Most mortgages are only kept for 10 years. So, you would be able to deduct the remainder of the points once that refinance loan is paid off.

If rates stay the same or go higher over time, and you stay at home for a long time, then a rate buydown can be a good move. We just don’t know for certain where rates are headed … that’s crystal ball stuff.

The minuses of paying points are you are putting forth money or chopping away at your equity in the case of a refinance.

If you don’t keep the loan for a long period of time due to a sale or refinance, then the points were not well spent.

Questions for yourself

Do you need the point funds for something very important that you cannot otherwise come up with?
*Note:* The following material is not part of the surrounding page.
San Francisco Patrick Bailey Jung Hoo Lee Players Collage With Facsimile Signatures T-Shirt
For example, you need to buy furniture for your new home and it’s cheaper to pay cash than to put the goods on a credit card.

How long do you think you are going to live in that home before you sell it? Obviously, if you are not going to stay long, don’t pay to buy the rate down.
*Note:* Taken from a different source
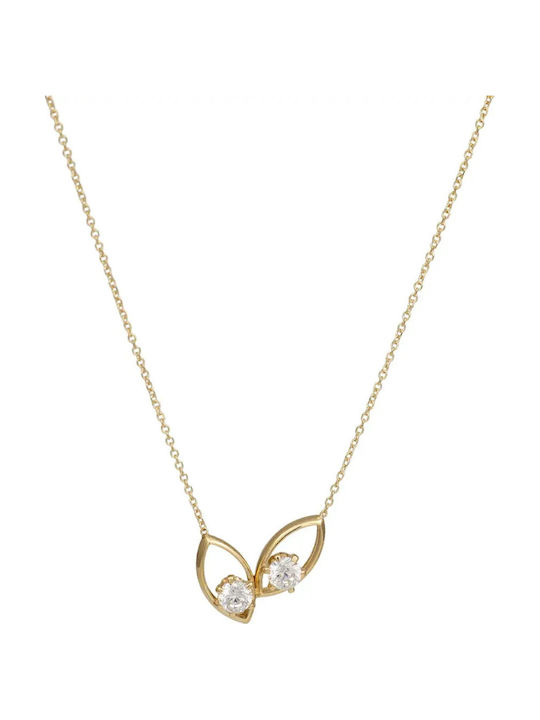 Doppeltes Halskette mit Träne-Design aus 9K Gold mit Zirkon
Do you think interest rates are going to come down (crystal ball thinking again) in the near term? If you do think rates are going to come down, then save your buydown money as you’ll get cheaper pricing soon enough.
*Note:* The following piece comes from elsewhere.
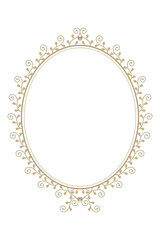 Vector - Vintage border or frame on oval shape. Brown color.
My rule of thumb is if you can recoup your costs in 36 months or less, then it can make sense to pay points.

For example, the $800,000 mortgage at 5.625% has a 30-year amortized payment of $4,605. Excluding the tax benefits, the same mortgage bought down to 5.25% has a $4,418 payment. The difference is $187 per month. So, $8,000 in cost divided by $187 (payment difference) takes almost 43 months to break even. So, in this case it doesn’t make sense to buy the rate down.

If you can get the home seller to pay for the rate buydown points, then jump on it.

Something else

Right now, my crystal ball sees lower interest rates ahead, which means you might find it cost effective to refinance. The economy is showing more signs of a slowdown even though inflation is still running hot.

Also, President Donald Trump is going to replace Fed Chairman Jerome Powell with someone more sympathetic to lower interest rates. Mortgage rates are indirectly affected by Fed short-term rate cuts. So, paying points now may not be optimal as rates may go lower.

Freddie Mac rate news

The 30-year fixed rate averaged 6.19%, 4 basis points lower than last week. The 15-year fixed rate averaged 5.44%, 7 basis pointslower than last week.

The Mortgage Bankers Association reported a 1.4% mortgage application decrease compared with one week ago.

Bottom line: Assuming a borrower gets an average 30-year fixed rate on a conforming $832,750 loan, last year’s payment was $273 more than this week’s payment of $5,095.

What I see: Locally, well-qualified borrowers can get the following fixed-rate mortgages with one point: A 30-year FHA at 5.375%, a 15-year conventional at 5.125%, a 30-year conventional at 5.75%, a 15-year conventional high balance at 5.625% ($832,751 to $1,249,125 in LA and OC and $832,751 to $1,104,000 in San Diego), a 30-year-high balance conventional at 6.125% and a jumbo 30-year fixed at 6.125%.

Eye-catcher loan program of the week: A 30-year mortgage, fixed for the first five years at 5.375% with 30% down payment and 1 point cost.